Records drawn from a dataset
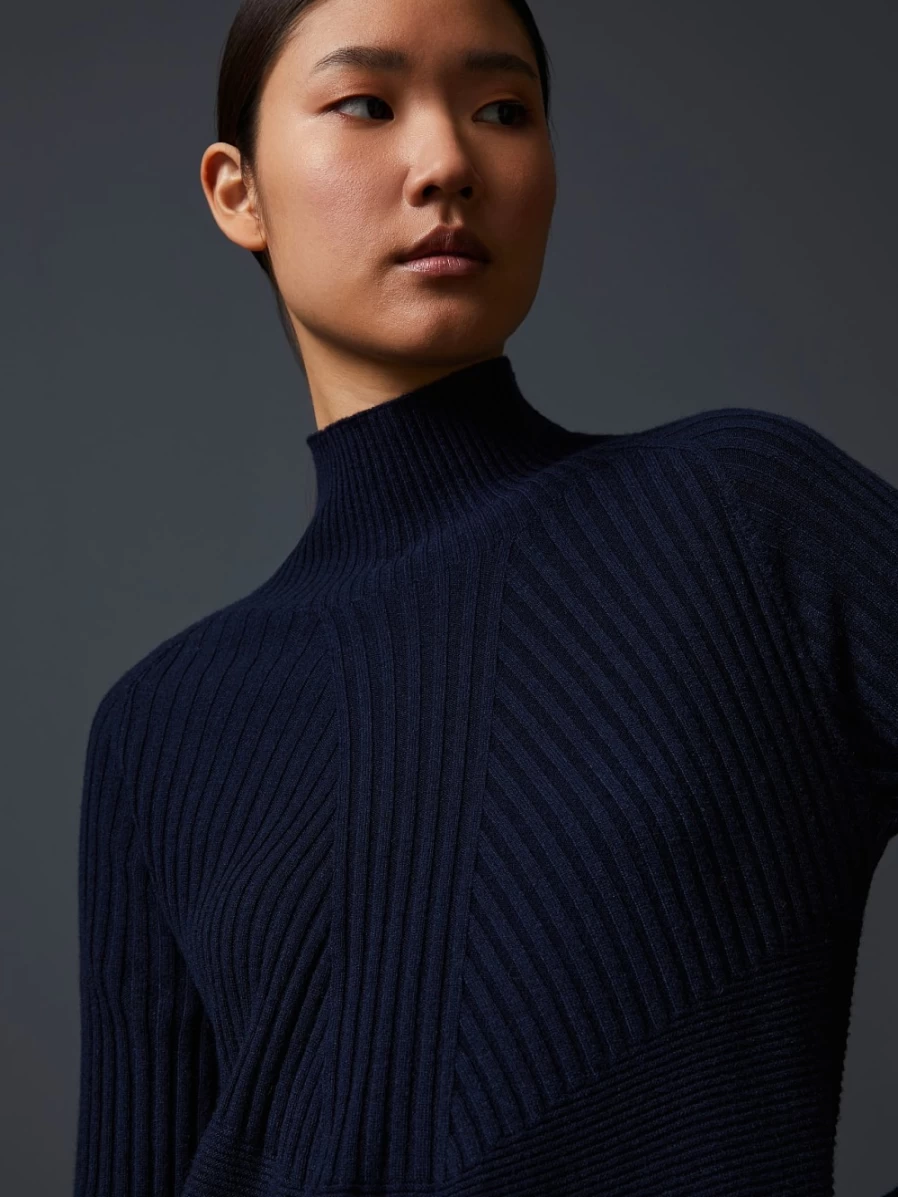 AlphaTauri Women's Navy 3D-Knit Cashmere-Blend Seamless Turtleneck Sweater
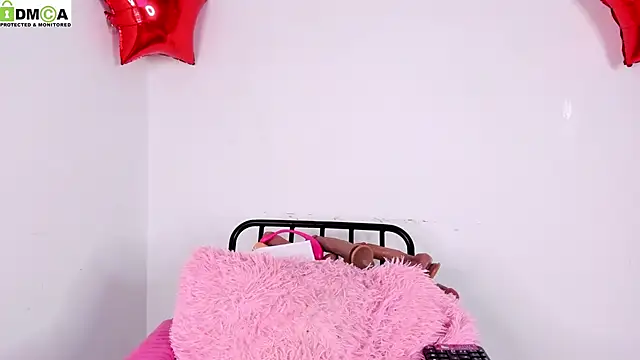 Snapshot of baby_alee chatting on December 3, 7:54 am baby alee online show from December 3, 7:54 am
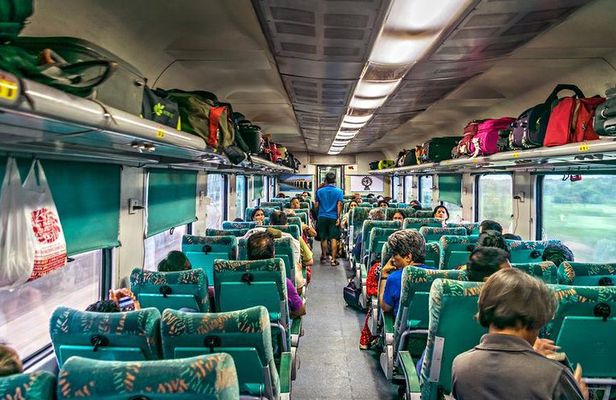 Delhi to Agra and Taj Mahal Day Trip by Express Train with Lunch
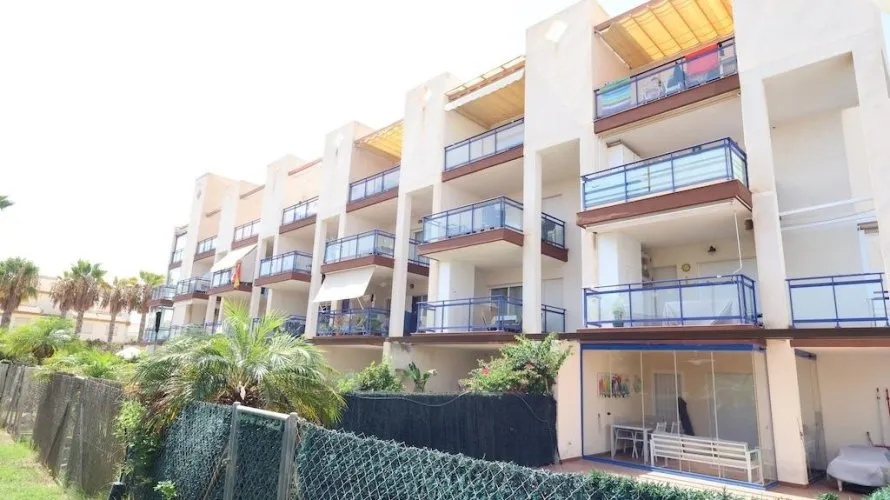 Apartamento de 2 dormitorios en Alicante, España No. 2546 № 3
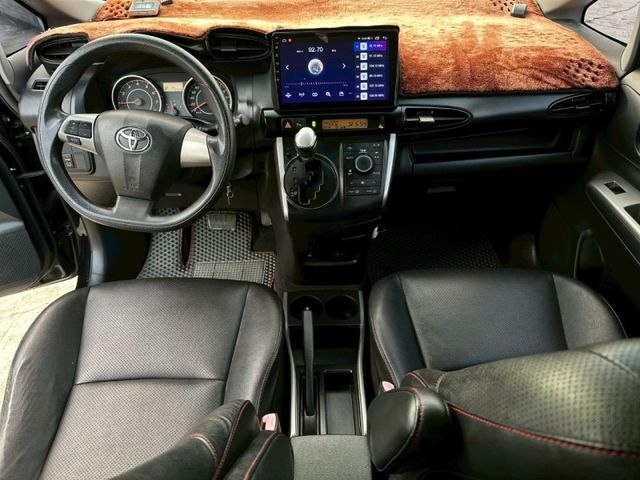 Toyota Wish  第14張相片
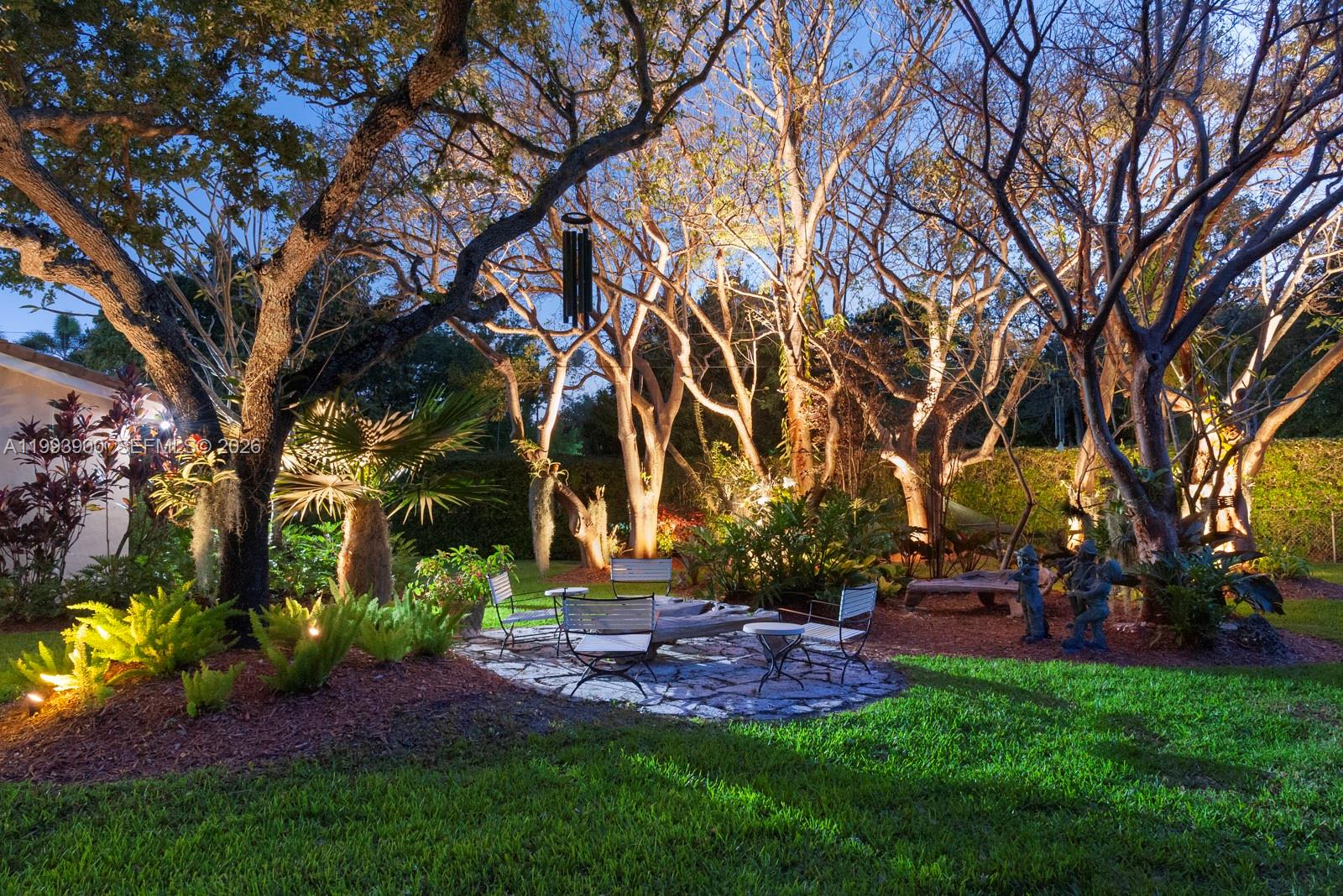 PALMETTO COURT - Residential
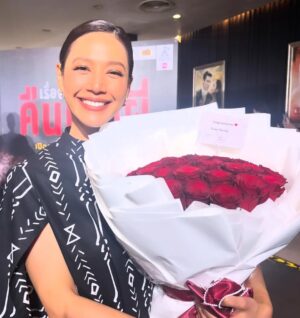 Siraphan Wattanajinda Instagram - ขอบคุณมากๆนะคะ สำหรับทุกกำลังใจที่ส่งมาให้นะคะ ทั้งที่ได้เจอกัน ทั้งที่ได้แต่สบตาแต่ไม่ได้คุยกัน ทั้งช่อดอกไม้ ทั้งข้อความที่ส่งมา  นุ่นอาจจะตอบกลับยังไม่หมด  หรือลงรูปไม่ครบ แต่ทั้งหมดนี้ส่งพลังให้นุ่นมากๆเลยค่ะ 🙏🥰 ขอบคุณที่มาชมนะคะ #เรื่องเล่าคืนเฝ้าผี #เรื่องเล่าคืนเฝ้าผี26568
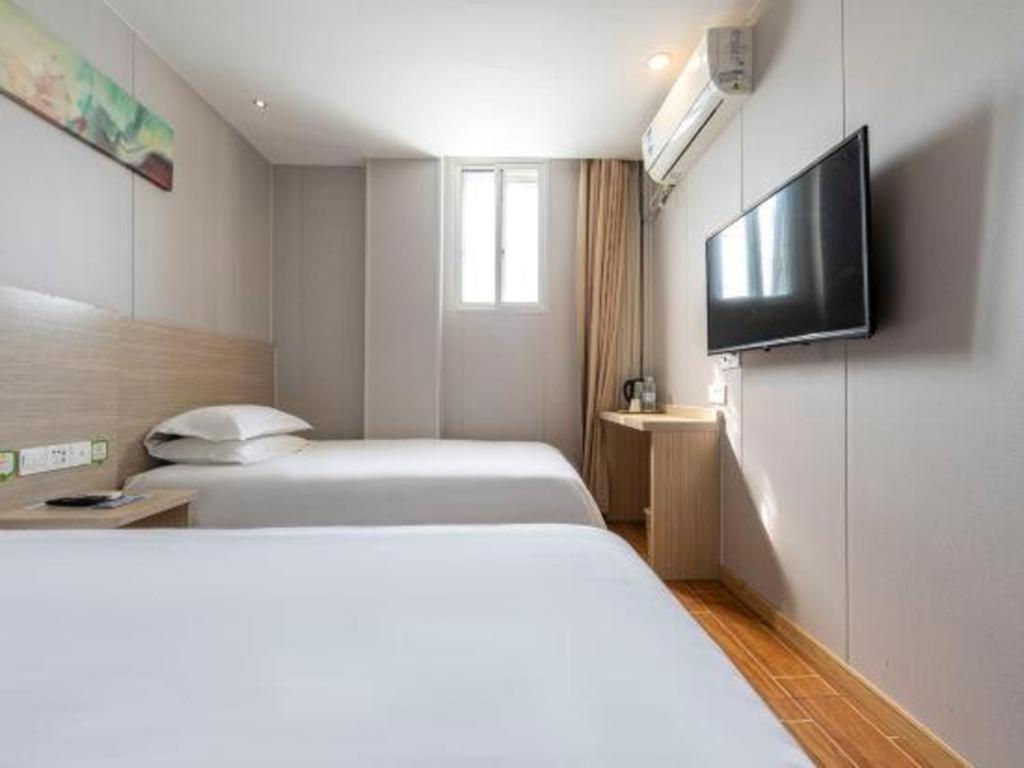 Hi Xuhui Jiaotong Hotel 2*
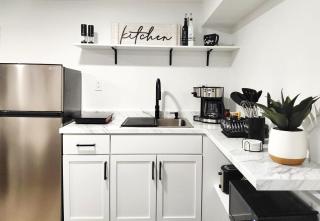 DC Oasis & Private Parking - 9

▶ _PROBLEM_
Would you retype the lines from the line containing "Hi Xuhui Jiaotong Hotel 2*" to the final line of the entries above, exactly as given and without pictures?

▶ _RESPONSE TO THIS EXERCISE_
 Hi Xuhui Jiaotong Hotel 2*
 DC Oasis & Private Parking - 9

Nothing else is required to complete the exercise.